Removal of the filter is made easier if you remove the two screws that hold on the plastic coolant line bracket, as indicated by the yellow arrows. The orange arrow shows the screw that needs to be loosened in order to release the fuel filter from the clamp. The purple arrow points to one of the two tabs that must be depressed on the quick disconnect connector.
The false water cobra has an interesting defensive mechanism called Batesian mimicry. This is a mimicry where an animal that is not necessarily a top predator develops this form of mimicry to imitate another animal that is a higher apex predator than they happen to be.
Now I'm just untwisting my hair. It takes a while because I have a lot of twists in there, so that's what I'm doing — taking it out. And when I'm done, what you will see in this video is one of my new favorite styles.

######

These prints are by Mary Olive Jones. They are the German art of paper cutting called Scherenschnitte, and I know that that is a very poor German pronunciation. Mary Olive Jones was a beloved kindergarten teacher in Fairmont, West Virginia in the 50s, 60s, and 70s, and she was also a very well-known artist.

######

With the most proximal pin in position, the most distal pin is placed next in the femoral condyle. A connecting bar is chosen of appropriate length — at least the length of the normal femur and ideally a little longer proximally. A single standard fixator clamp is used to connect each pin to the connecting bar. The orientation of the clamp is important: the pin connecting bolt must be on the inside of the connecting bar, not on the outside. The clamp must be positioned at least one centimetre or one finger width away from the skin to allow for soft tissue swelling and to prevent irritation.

######

▶ How to complete this task: Copy out each line of the data that has the word "called" in it.

▶ Task result:
The false water cobra has an interesting defensive mechanism called Batesian mimicry. This is a mimicry where an animal that is not necessarily a top predator develops this form of mimicry to imitate another animal that is a higher apex predator than they happen to be.
These prints are by Mary Olive Jones. They are the German art of paper cutting called Scherenschnitte, and I know that that is a very poor German pronunciation. Mary Olive Jones was a beloved kindergarten teacher in Fairmont, West Virginia in the 50s, 60s, and 70s, and she was also a very well-known artist.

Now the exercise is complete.